A performance counter based workload characterization on blue gene/P
Abstract
IBM's Blue Gene/P, the second generation of the Blue Gene supercomputer is designed with a Universal Performance Counter (UPC) Unit at each node capable of monitoring 256 events concurrently [1], unlike many microprocessors that provide only a few performance counters. In this paper we demonstrate the efficacy of the interface library that we have developed, taking advantage of the UPC unit, enabling users to effortlessly instrument applications and get a profound insight into its execution on the Blue Gene/P system which could scale in thousands of nodes. The interface library allows the user to monitor about 512 performance related events out of a total of 1024 possible events and aggregate the data collected at different nodes and compute meaningful metrics through data mining. Using the developed interface, we instrumented the NAS parallel benchmarks and collected the performance counter data.
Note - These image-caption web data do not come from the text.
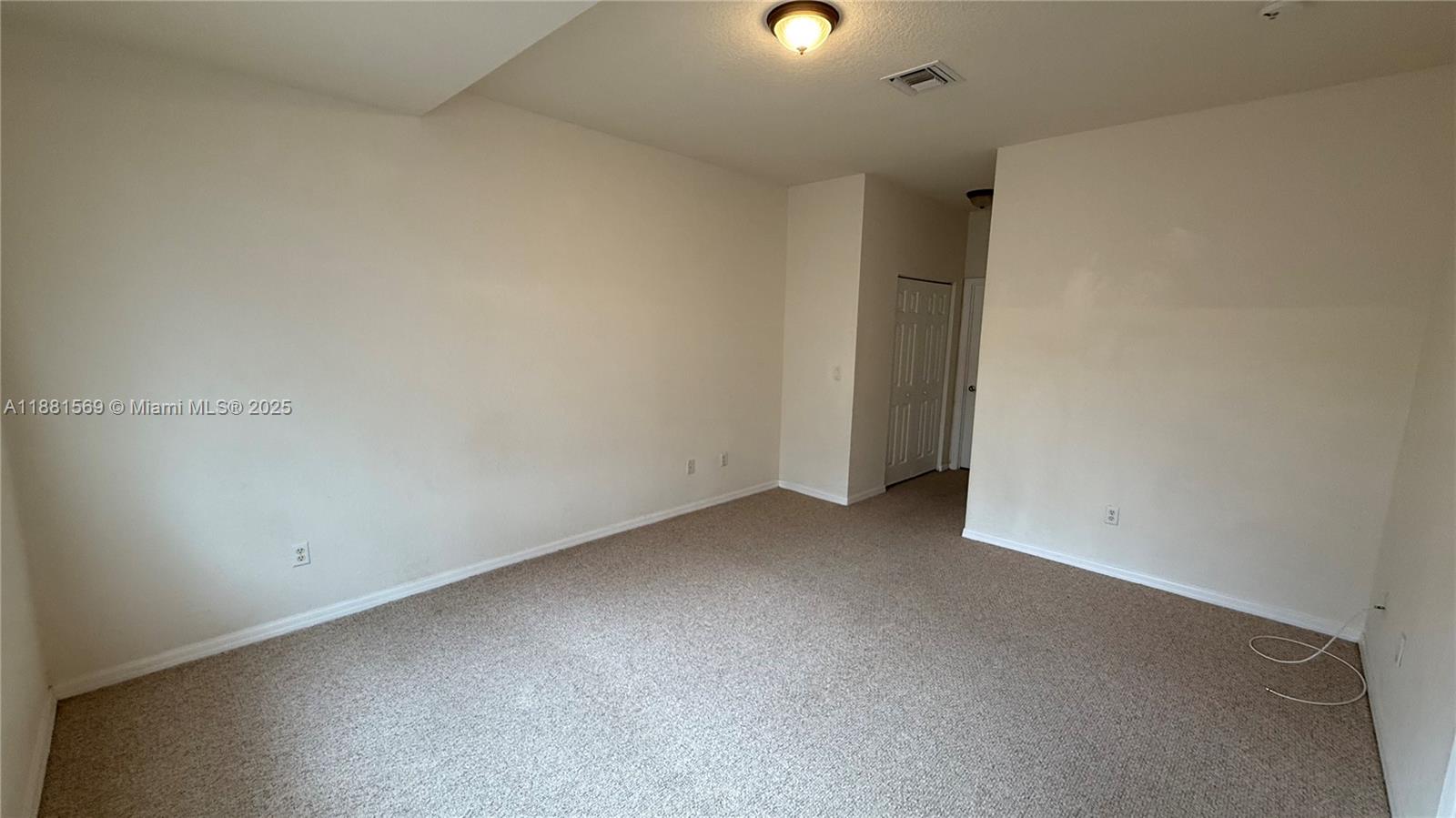 HAMPTON HILLS CONDO - Residential Lease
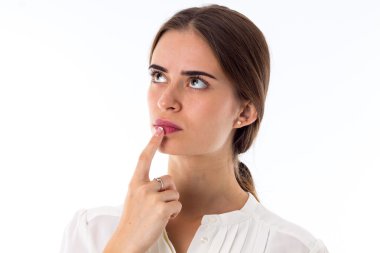 kadın hakkında bir şeyler düşünme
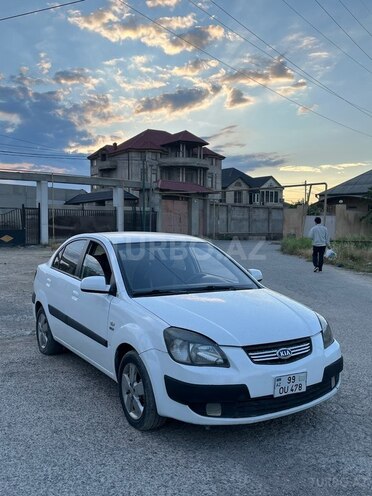 Kia Rio-2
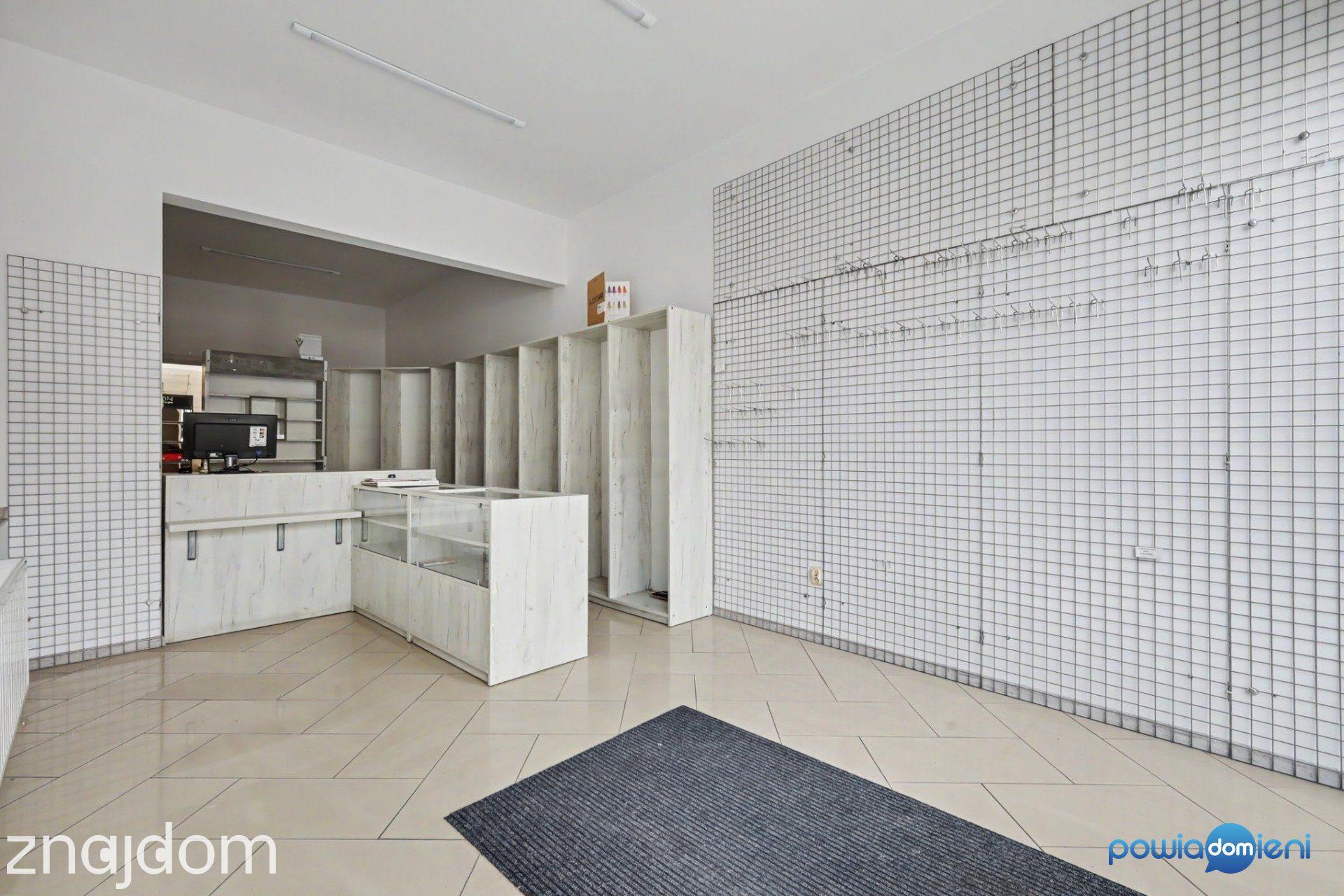 Budynek z potencjałem | Centrum Szydłowca | Generalny Remont - zdjęcie 17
We studied the MFLOPS, L3-DDR Traffic and the dynamic instruction mix based on the counters in the FPU and the cache hierarchy for different compiler optimizations, modes of operations of the system and different L3, L2 configurations for the NAS benchmarks. Our analysis identifies that compiler optimization O5 along with "-qarch440d", which uses the architectural information of the chip in optimization, is very effective in incorporating a lot of SIMD instructions and results in the most efficient execution of the benchmarks. The experiments on the L3 size indicate that an L3 size of 4MB is optimal for the NAS benchmarks and they do not benefit by increasing it further. Also, the virtual node mode of operation of the Blue Gene/P system is very effective and yields superior performance for the selected benchmarks taking advantage of the chip multiprocessor architecture of the quad-core HPC chip.